ResponseFormat(punny_response="I've extracted the 'Simple Table' for you! Here's what I found:\n\n**Information 1**: A, B, C\n**Information 2**: Cat, Dog, Shark\n**Information 3**: 4.7, 2.8, 3.8\n**Information 4**: 5, 6, 8", default_response='Your message is outside the expected standard.')


### Step 2
Passo 2

#### Definition of Messages Sent to the Agent
Definição das Mensagens Enviadas ao Agente

In [None]:
messages = [
    {
        "role": "user",
        "content": [
            {"type": "text", "text": "Place this information that you just extracted from the document into the database."}
        ]
    }
]

#### Agent Summon
Invocação do Agente

In [47]:
response = agent.invoke(
    config=config,
    input={"messages": messages}
)

#### Agent Response Display
Exibição da Resposta do Agente

In [48]:
print(response["structured_response"])

ResponseFormat(punny_response="The information has been successfully placed into the database in a table named 'simple_table'.", default_response='Your message is outside the expected standard.')


### Step 3
Passo 3

#### Definition of Messages Sent to the Agent
Definição das Mensagens Enviadas ao Agente

In [None]:
messages = [
    {
        "role": "user",
        "content": [
            {"type": "text", "text": "Extract the table containing the title 'Basic Table' from this document."},
            {"type": "file", "base64": convert_pdf_to_base64("./documents/2.pdf"), "mime_type": "application/pdf"}
        ]
    }
]

#### Agent Summon
Invocação do Agente

In [25]:
response = agent.invoke(
    config=config,
    input={"messages": messages}
)

#### Agent Response Display
Exibição da Resposta do Agente

In [26]:
print(response["structured_response"])

ResponseFormat(punny_response="I've extracted the 'Basic Table' from the document. Here's the data:\n\nColumn 1: Category\nColumn 2: Value\n\n- Animals: 7\n- Instruments: 8\n- Birds: 9\n- Flowers: 17\n\nWould you like me to create a table in the database with this information?", default_response='Your message is outside the expected standard.')


### Step 4
Passo 4

#### Definition of Messages Sent to the Agent
Definição das Mensagens Enviadas ao Agente

In [25]:
messages = [
    {
        "role": "user",
        "content": [
            {"type": "text", "text": "Place this information that you just extracted from the document into the database."}
        ]
    }
]

#### Agent Summon
Invocação do Agente

In [26]:
response = agent.invoke(
    config=config,
    input={"messages": messages}
)

#### Agent Response Display
Exibição da Resposta do Agente

In [27]:
print(response["structured_response"])

ResponseFormat(punny_response="The information from the 'Basic Table' has been successfully placed into the database!", default_response='Your message is outside the expected standard.')


### Step 5
Passo 5

#### Definition of Messages Sent to the Agent
Definição das Mensagens Enviadas ao Agente

In [None]:
messages = [
    {
        "role": "user",
        "content": [
            {"type": "text", "text": "Now, I want you to run a query on the database. I want you to extract the information from the 'Information 1' column of the 'Simple Table' table created earlier in the database and display the queried information."}
        ]
    }
]

#### Agent Summon
Invocação do Agente

In [32]:
response = agent.invoke(
    config=config,
    input={"messages": messages}
)

#### Agent Response Display
Exibição da Resposta do Agente

In [None]:
print(response["structured_response"])

ResponseFormat(punny_response="Here is the information from the 'Information 1' column of the 'Simple Table':\n\n- A\n- B\n- C", default_response='Your message is outside the expected standard.')

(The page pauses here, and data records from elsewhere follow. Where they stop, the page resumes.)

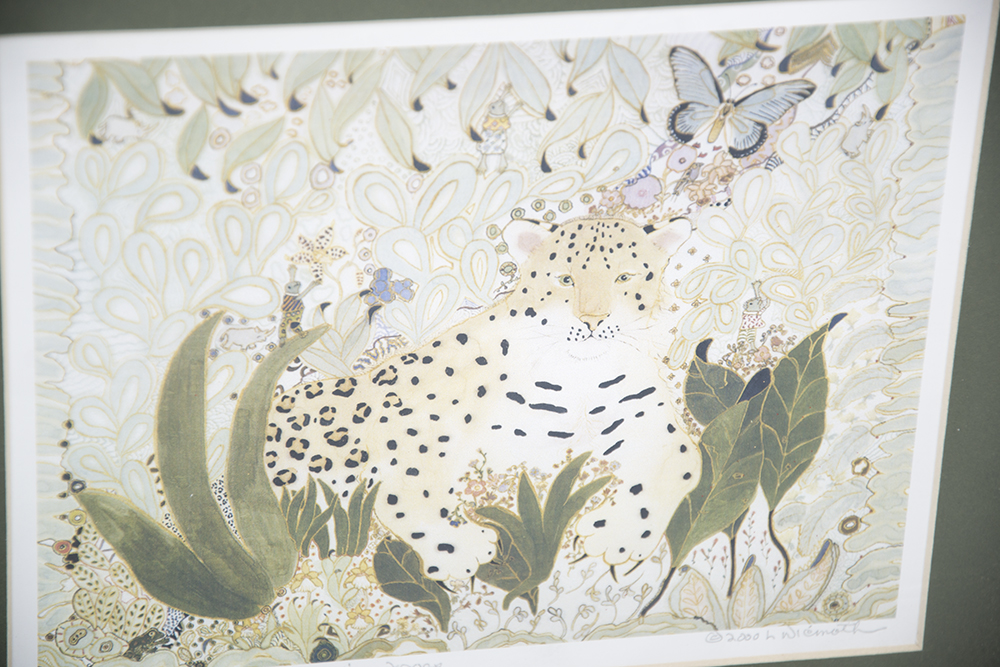 Leah Niemoth "Leopard Dreaming of Dancing Frogs" Print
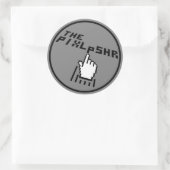 Sticker Rond Logo PixlPshr (Sac)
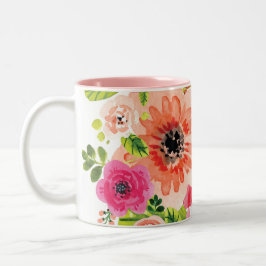 Bunte Blumen| Tasse schöner Boho Art-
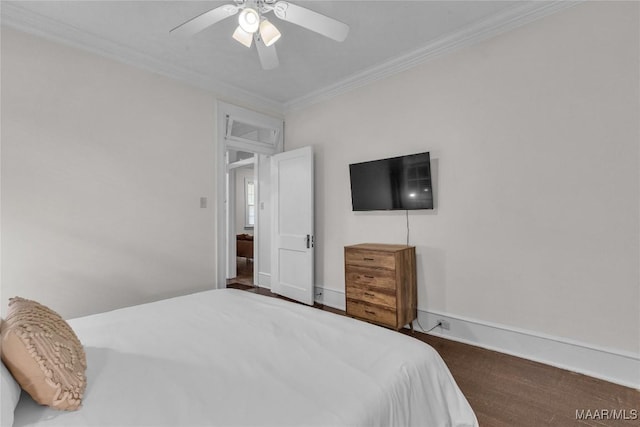 844 E Edgemont Ave, Montgomery, AL 36111 - bedroom with ornamental molding and ceiling fan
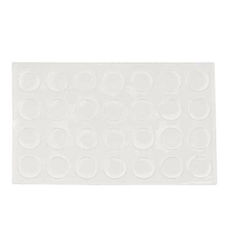 Pacific 231-14#PADS#TR Round Door Buffers with Sticker 14mm 28pcs
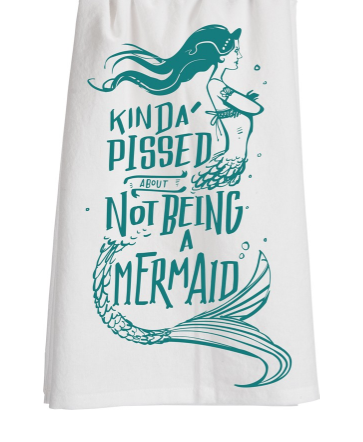 Mermaid Dish Towel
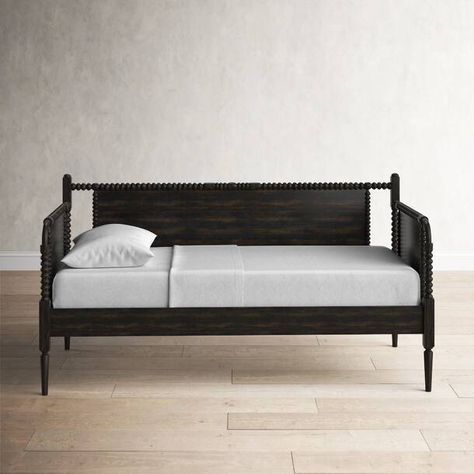 Bernardo Daybed & Reviews | Birch Lane Daybed Twin, Guest Beds, Trundle Bed With Storage, Twin Daybed, Metal Daybed, Decorative Light Bulbs, Twin Mattress Size, Daybed With Trundle, Turned Leg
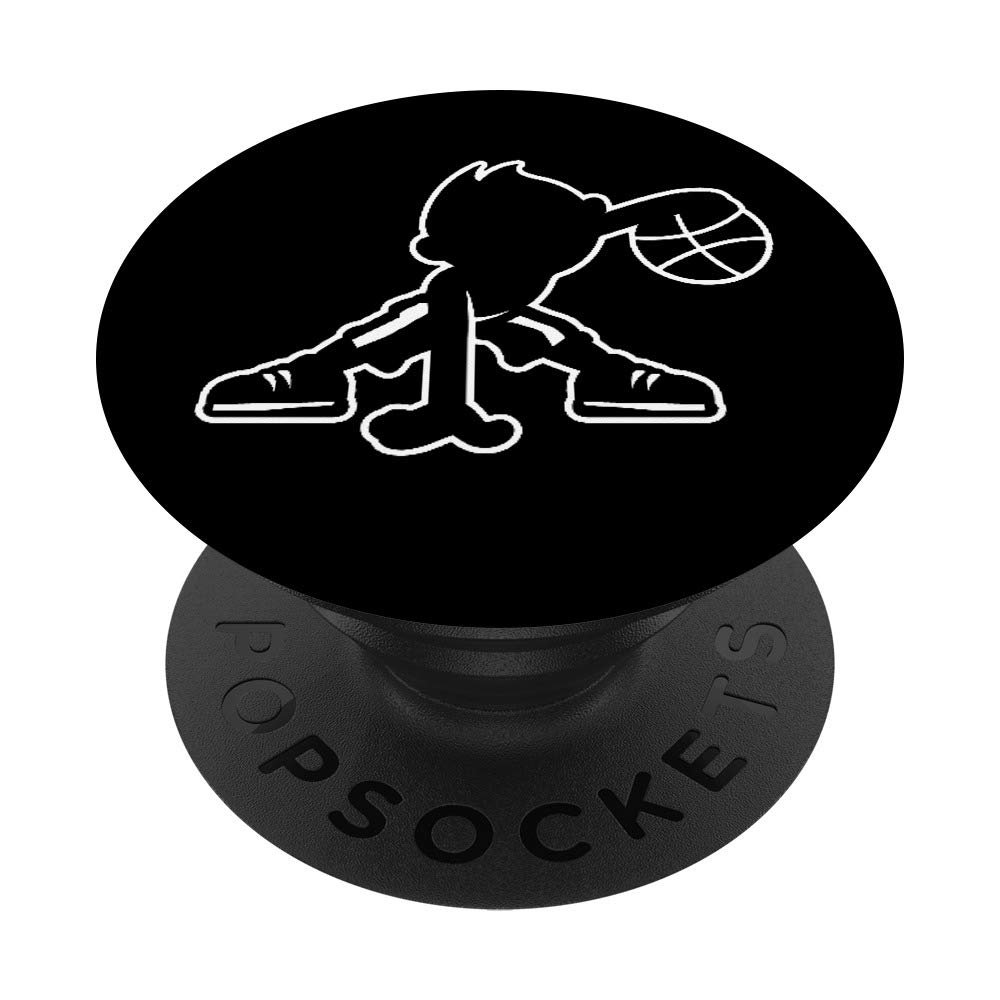 Basketball Hoop PopSockets Swappable Grip - Phone & Tablet Stand with Baller Bball Icon - Perfect for Basketball Fans & Mobile Gaming
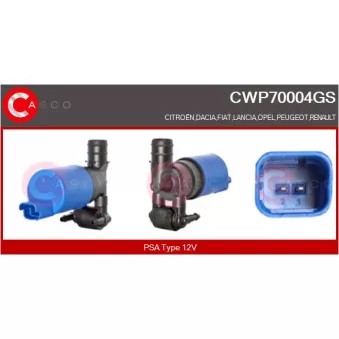Pompe d'eau de nettoyage, nettoyage des vitres CASCO CWP70004GS pour MAN LION´S COMFORT 1.6 16V - 109cv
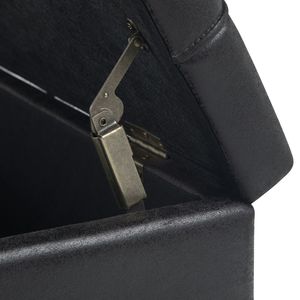 Tavolino da Caffè Harrison Nero Effetto Invecchiato con Contenitore - Categoria Prodotti: Pouf e Sgabelli - Product Image 3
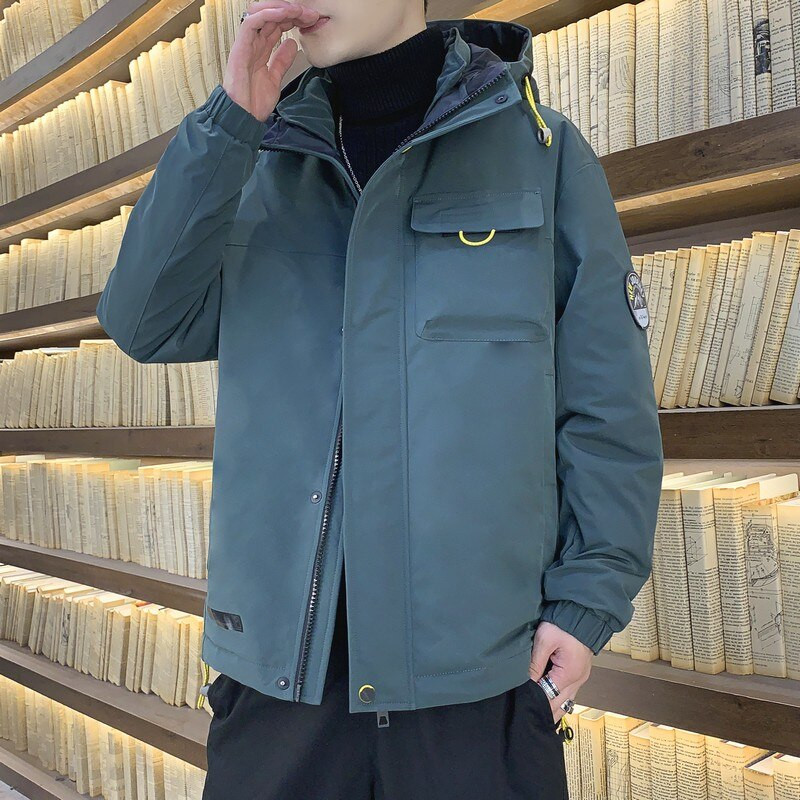 2022. gada ziemas siltā dūnu jaka Jauni vīriešu mēteļi ar kapuci 90% balti pīļu dūnu jakas Vīriešu biezas āra vienkrāsainas virsjakas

#### Removal of All Dialogue with the Agent
Remoção de Todo o Diálogo com o Agente

In [None]:
checkpointer.delete_thread(thread_id="1")

#### Creating a Connection to the Mongo Database
Criação de Conexão com o Banco de Dados Mongo

In [19]:
def create_connection() -> MongoClient:
    mongo_client = pymongo.MongoClient(os.getenv("MONGO_URI") + os.getenv("DATABASE_NAME"))

    try:
        mongo_client.admin.command("ping")
        return mongo_client
    except Exception as error:
        raise Exception(f"Unable to establish a connection: {error}")

mongo_client = create_connection()

#### Mongo Database Generation
Geração do Banco de Dados Mongo

In [20]:
def create_database(mongo_client: MongoClient) -> Database:
    mongo_database = getattr(mongo_client, os.getenv("DATABASE_NAME"))
    return mongo_database

mongo_database = create_database(mongo_client)

#### Creating a Collection in a Mongo Database
Criação de Uma Coleção no Banco de Dados Mongo

In [21]:
def create_collection(mongo_database: Database) -> Collection:
    mongo_collection = getattr(mongo_database, os.getenv("COLLECTION_NAME"))
    return mongo_collection

mongo_collection = create_collection(mongo_database)

#### Inserting Files into a Mongo Database
Inserção de Arquivos no Banco de Dados Mongo

In [17]:
def insert_file_into_the_database(mongo_collection: Collection) -> bool:
    file_list = []

    for file_path in os.listdir(DIR_PATH):
        file_list.append({"file": convert_pdf_to_base64(DIR_PATH + file_path), "name": file_path})
    
    acknowledged = getattr(mongo_collection.insert_many(file_list), "acknowledged")
    return acknowledged

acknowledged = insert_file_into_the_database(mongo_collection)

#### Searching for Files in a Mongo Database
Busca de Arquivos no Banco de Dados Mongo

In [25]:
def search_for_all_files(mongo_collection: Collection) -> List[dict]:
    file_data = []

    for data in mongo_collection.find():
        file_data.append(data)
    
    return file_data

file_data = search_for_all_files(mongo_collection)

In [None]:
def search_for_specific_file(mongo_collection: Collection, id: str) -> dict:
    file_data = mongo_collection.find_one({"_id": ObjectId(id)})
    return file_data

file_data = search_for_specific_file(mongo_collection, "697cae76563b6e14cf9eb3a3")